DESCRIPTION OF THE TASK »
Pictures in the data should be dropped; transcribe exactly the lines from the one that has "Видео: КАК СНЯТИЕ" through the one that has "165a Open Fork Road Property Photo 37".

WORKING DATA »
◇ ◇ ◇ ◇

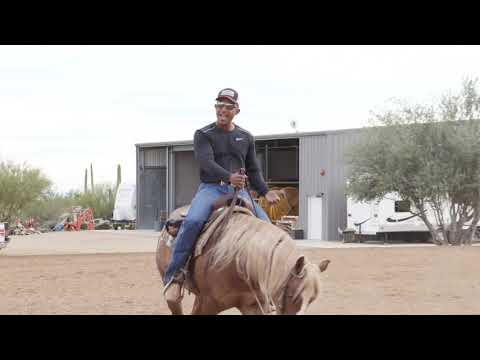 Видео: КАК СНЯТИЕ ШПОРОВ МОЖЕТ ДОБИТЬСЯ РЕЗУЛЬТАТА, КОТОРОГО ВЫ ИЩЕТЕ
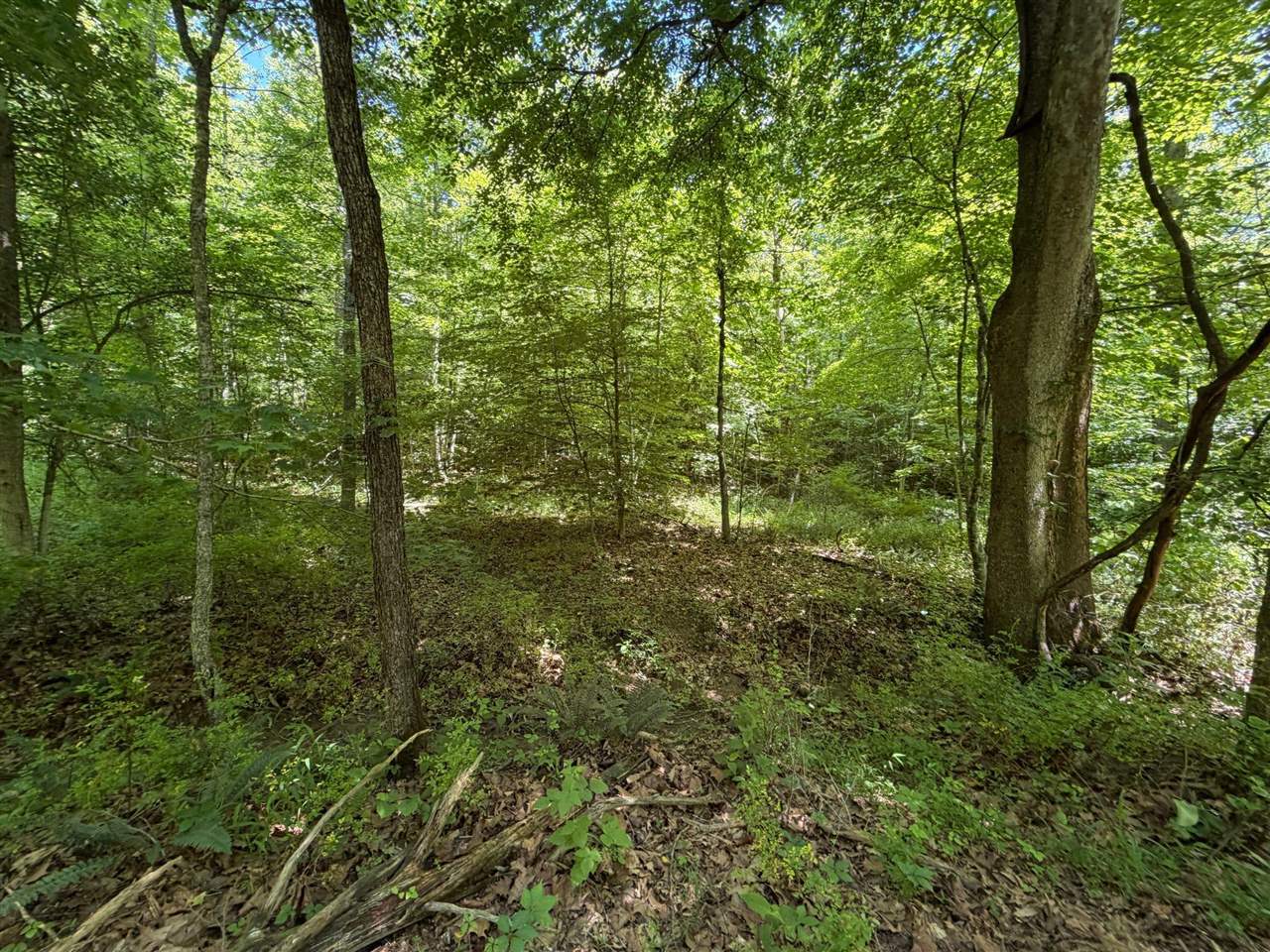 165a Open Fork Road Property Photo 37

◇ ◇ ◇ ◇

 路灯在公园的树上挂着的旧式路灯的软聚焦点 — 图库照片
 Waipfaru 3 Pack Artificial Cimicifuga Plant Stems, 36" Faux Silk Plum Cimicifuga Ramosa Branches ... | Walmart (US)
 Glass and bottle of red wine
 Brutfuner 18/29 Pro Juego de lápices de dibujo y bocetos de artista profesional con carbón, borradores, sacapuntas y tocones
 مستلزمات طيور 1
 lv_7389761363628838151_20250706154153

◇ ◇ ◇ ◇

RESULT OF THE TASK »
 Видео: КАК СНЯТИЕ ШПОРОВ МОЖЕТ ДОБИТЬСЯ РЕЗУЛЬТАТА, КОТОРОГО ВЫ ИЩЕТЕ
 165a Open Fork Road Property Photo 37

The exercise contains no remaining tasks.